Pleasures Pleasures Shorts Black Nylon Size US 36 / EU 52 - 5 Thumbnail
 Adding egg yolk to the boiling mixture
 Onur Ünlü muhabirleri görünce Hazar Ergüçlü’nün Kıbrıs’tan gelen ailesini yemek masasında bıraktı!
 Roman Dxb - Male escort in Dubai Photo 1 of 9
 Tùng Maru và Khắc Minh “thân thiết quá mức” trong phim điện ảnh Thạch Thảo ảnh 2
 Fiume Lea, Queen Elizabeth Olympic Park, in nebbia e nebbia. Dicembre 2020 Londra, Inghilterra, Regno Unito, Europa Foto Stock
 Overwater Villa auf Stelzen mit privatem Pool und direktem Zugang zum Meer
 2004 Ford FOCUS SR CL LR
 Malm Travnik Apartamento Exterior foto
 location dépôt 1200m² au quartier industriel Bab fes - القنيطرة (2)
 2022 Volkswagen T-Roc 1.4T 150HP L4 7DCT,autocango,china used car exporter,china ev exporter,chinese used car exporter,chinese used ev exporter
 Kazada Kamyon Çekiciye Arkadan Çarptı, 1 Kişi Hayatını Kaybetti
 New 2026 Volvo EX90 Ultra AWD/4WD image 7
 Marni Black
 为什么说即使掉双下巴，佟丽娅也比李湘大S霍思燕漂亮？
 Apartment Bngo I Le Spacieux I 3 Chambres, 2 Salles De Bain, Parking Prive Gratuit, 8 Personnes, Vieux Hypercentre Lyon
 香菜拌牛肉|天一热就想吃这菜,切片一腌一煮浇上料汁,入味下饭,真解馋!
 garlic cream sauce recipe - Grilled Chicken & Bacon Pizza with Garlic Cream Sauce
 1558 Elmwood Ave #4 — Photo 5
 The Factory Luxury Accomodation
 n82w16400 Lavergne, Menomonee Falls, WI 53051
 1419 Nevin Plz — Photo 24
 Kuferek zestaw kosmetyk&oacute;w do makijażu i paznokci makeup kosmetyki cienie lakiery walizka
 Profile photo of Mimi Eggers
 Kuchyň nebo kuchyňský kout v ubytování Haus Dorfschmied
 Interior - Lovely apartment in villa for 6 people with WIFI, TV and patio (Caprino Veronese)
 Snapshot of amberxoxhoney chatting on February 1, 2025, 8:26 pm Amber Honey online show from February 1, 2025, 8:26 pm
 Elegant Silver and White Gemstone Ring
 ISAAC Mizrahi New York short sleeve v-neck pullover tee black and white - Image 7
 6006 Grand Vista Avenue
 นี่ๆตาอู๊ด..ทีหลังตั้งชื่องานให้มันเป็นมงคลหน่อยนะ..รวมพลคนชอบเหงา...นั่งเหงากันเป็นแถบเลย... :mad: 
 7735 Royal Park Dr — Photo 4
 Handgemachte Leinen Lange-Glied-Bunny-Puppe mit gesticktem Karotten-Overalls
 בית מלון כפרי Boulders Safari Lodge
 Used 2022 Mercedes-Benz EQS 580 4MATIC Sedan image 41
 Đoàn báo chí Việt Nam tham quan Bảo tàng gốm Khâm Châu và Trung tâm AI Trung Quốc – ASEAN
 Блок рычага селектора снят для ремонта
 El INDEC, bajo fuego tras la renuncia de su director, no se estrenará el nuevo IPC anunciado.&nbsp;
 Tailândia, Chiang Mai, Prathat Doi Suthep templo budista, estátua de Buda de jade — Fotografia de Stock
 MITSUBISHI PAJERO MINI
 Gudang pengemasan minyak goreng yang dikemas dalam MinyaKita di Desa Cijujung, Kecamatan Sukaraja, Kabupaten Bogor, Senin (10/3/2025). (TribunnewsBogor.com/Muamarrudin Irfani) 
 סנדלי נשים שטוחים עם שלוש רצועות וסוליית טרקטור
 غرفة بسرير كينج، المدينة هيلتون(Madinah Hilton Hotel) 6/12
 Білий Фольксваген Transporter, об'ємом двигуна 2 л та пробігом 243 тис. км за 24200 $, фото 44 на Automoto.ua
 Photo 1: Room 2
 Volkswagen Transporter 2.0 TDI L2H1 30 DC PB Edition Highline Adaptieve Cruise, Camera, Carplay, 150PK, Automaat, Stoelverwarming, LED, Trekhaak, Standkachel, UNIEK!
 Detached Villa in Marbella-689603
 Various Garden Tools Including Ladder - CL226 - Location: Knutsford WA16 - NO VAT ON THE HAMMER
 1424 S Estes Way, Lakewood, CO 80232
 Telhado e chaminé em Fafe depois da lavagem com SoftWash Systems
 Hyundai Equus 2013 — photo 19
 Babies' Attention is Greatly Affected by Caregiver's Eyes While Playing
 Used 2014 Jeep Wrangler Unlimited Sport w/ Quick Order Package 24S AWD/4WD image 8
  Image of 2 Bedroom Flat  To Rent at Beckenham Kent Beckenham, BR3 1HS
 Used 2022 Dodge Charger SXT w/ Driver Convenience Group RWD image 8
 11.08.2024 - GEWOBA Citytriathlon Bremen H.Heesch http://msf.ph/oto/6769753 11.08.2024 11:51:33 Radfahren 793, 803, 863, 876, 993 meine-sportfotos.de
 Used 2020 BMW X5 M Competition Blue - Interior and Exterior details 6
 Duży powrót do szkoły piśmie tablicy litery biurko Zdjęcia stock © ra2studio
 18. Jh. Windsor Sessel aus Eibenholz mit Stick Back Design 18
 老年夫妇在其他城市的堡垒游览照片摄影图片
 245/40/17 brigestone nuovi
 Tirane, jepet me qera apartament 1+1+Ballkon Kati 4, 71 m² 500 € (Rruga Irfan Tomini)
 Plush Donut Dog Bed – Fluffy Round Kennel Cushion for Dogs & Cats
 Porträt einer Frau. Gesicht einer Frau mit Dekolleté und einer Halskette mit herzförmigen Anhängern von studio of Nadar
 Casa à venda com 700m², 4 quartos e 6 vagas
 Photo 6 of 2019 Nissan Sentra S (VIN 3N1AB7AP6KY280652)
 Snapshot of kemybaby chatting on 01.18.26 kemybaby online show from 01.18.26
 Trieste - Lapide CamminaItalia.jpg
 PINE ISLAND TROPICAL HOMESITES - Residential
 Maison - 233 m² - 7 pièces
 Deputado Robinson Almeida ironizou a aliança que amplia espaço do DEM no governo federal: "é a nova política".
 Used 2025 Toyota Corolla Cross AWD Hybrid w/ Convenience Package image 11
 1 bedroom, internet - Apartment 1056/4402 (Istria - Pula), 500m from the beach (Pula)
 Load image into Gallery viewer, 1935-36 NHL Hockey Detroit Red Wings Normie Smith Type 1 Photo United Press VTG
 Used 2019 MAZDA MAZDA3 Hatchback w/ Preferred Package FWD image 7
◆ ◆ ◆
Transcribe the entire listing above exactly as written.

Pleasures Pleasures Shorts Black Nylon Size US 36 / EU 52 - 5 Thumbnail
 Adding egg yolk to the boiling mixture
 Onur Ünlü muhabirleri görünce Hazar Ergüçlü’nün Kıbrıs’tan gelen ailesini yemek masasında bıraktı!
 Roman Dxb - Male escort in Dubai Photo 1 of 9
 Tùng Maru và Khắc Minh “thân thiết quá mức” trong phim điện ảnh Thạch Thảo ảnh 2
 Fiume Lea, Queen Elizabeth Olympic Park, in nebbia e nebbia. Dicembre 2020 Londra, Inghilterra, Regno Unito, Europa Foto Stock
 Overwater Villa auf Stelzen mit privatem Pool und direktem Zugang zum Meer
 2004 Ford FOCUS SR CL LR
 Malm Travnik Apartamento Exterior foto
 location dépôt 1200m² au quartier industriel Bab fes - القنيطرة (2)
 2022 Volkswagen T-Roc 1.4T 150HP L4 7DCT,autocango,china used car exporter,china ev exporter,chinese used car exporter,chinese used ev exporter
 Kazada Kamyon Çekiciye Arkadan Çarptı, 1 Kişi Hayatını Kaybetti
 New 2026 Volvo EX90 Ultra AWD/4WD image 7
 Marni Black
 为什么说即使掉双下巴，佟丽娅也比李湘大S霍思燕漂亮？
 Apartment Bngo I Le Spacieux I 3 Chambres, 2 Salles De Bain, Parking Prive Gratuit, 8 Personnes, Vieux Hypercentre Lyon
 香菜拌牛肉|天一热就想吃这菜,切片一腌一煮浇上料汁,入味下饭,真解馋!
 garlic cream sauce recipe - Grilled Chicken & Bacon Pizza with Garlic Cream Sauce
 1558 Elmwood Ave #4 — Photo 5
 The Factory Luxury Accomodation
 n82w16400 Lavergne, Menomonee Falls, WI 53051
 1419 Nevin Plz — Photo 24
 Kuferek zestaw kosmetyk&oacute;w do makijażu i paznokci makeup kosmetyki cienie lakiery walizka
 Profile photo of Mimi Eggers
 Kuchyň nebo kuchyňský kout v ubytování Haus Dorfschmied
 Interior - Lovely apartment in villa for 6 people with WIFI, TV and patio (Caprino Veronese)
 Snapshot of amberxoxhoney chatting on February 1, 2025, 8:26 pm Amber Honey online show from February 1, 2025, 8:26 pm
 Elegant Silver and White Gemstone Ring
 ISAAC Mizrahi New York short sleeve v-neck pullover tee black and white - Image 7
 6006 Grand Vista Avenue
 นี่ๆตาอู๊ด..ทีหลังตั้งชื่องานให้มันเป็นมงคลหน่อยนะ..รวมพลคนชอบเหงา...นั่งเหงากันเป็นแถบเลย... :mad: 
 7735 Royal Park Dr — Photo 4
 Handgemachte Leinen Lange-Glied-Bunny-Puppe mit gesticktem Karotten-Overalls
 בית מלון כפרי Boulders Safari Lodge
 Used 2022 Mercedes-Benz EQS 580 4MATIC Sedan image 41
 Đoàn báo chí Việt Nam tham quan Bảo tàng gốm Khâm Châu và Trung tâm AI Trung Quốc – ASEAN
 Блок рычага селектора снят для ремонта
 El INDEC, bajo fuego tras la renuncia de su director, no se estrenará el nuevo IPC anunciado.&nbsp;
 Tailândia, Chiang Mai, Prathat Doi Suthep templo budista, estátua de Buda de jade — Fotografia de Stock
 MITSUBISHI PAJERO MINI
 Gudang pengemasan minyak goreng yang dikemas dalam MinyaKita di Desa Cijujung, Kecamatan Sukaraja, Kabupaten Bogor, Senin (10/3/2025). (TribunnewsBogor.com/Muamarrudin Irfani) 
 סנדלי נשים שטוחים עם שלוש רצועות וסוליית טרקטור
 غرفة بسرير كينج، المدينة هيلتون(Madinah Hilton Hotel) 6/12
 Білий Фольксваген Transporter, об'ємом двигуна 2 л та пробігом 243 тис. км за 24200 $, фото 44 на Automoto.ua
 Photo 1: Room 2
 Volkswagen Transporter 2.0 TDI L2H1 30 DC PB Edition Highline Adaptieve Cruise, Camera, Carplay, 150PK, Automaat, Stoelverwarming, LED, Trekhaak, Standkachel, UNIEK!
 Detached Villa in Marbella-689603
 Various Garden Tools Including Ladder - CL226 - Location: Knutsford WA16 - NO VAT ON THE HAMMER
 1424 S Estes Way, Lakewood, CO 80232
 Telhado e chaminé em Fafe depois da lavagem com SoftWash Systems
 Hyundai Equus 2013 — photo 19
 Babies' Attention is Greatly Affected by Caregiver's Eyes While Playing
 Used 2014 Jeep Wrangler Unlimited Sport w/ Quick Order Package 24S AWD/4WD image 8
  Image of 2 Bedroom Flat  To Rent at Beckenham Kent Beckenham, BR3 1HS
 Used 2022 Dodge Charger SXT w/ Driver Convenience Group RWD image 8
 11.08.2024 - GEWOBA Citytriathlon Bremen H.Heesch http://msf.ph/oto/6769753 11.08.2024 11:51:33 Radfahren 793, 803, 863, 876, 993 meine-sportfotos.de
 Used 2020 BMW X5 M Competition Blue - Interior and Exterior details 6
 Duży powrót do szkoły piśmie tablicy litery biurko Zdjęcia stock © ra2studio
 18. Jh. Windsor Sessel aus Eibenholz mit Stick Back Design 18
 老年夫妇在其他城市的堡垒游览照片摄影图片
 245/40/17 brigestone nuovi
 Tirane, jepet me qera apartament 1+1+Ballkon Kati 4, 71 m² 500 € (Rruga Irfan Tomini)
 Plush Donut Dog Bed – Fluffy Round Kennel Cushion for Dogs & Cats
 Porträt einer Frau. Gesicht einer Frau mit Dekolleté und einer Halskette mit herzförmigen Anhängern von studio of Nadar
 Casa à venda com 700m², 4 quartos e 6 vagas
 Photo 6 of 2019 Nissan Sentra S (VIN 3N1AB7AP6KY280652)
 Snapshot of kemybaby chatting on 01.18.26 kemybaby online show from 01.18.26
 Trieste - Lapide CamminaItalia.jpg
 PINE ISLAND TROPICAL HOMESITES - Residential
 Maison - 233 m² - 7 pièces
 Deputado Robinson Almeida ironizou a aliança que amplia espaço do DEM no governo federal: "é a nova política".
 Used 2025 Toyota Corolla Cross AWD Hybrid w/ Convenience Package image 11
 1 bedroom, internet - Apartment 1056/4402 (Istria - Pula), 500m from the beach (Pula)
 Load image into Gallery viewer, 1935-36 NHL Hockey Detroit Red Wings Normie Smith Type 1 Photo United Press VTG
 Used 2019 MAZDA MAZDA3 Hatchback w/ Preferred Package FWD image 7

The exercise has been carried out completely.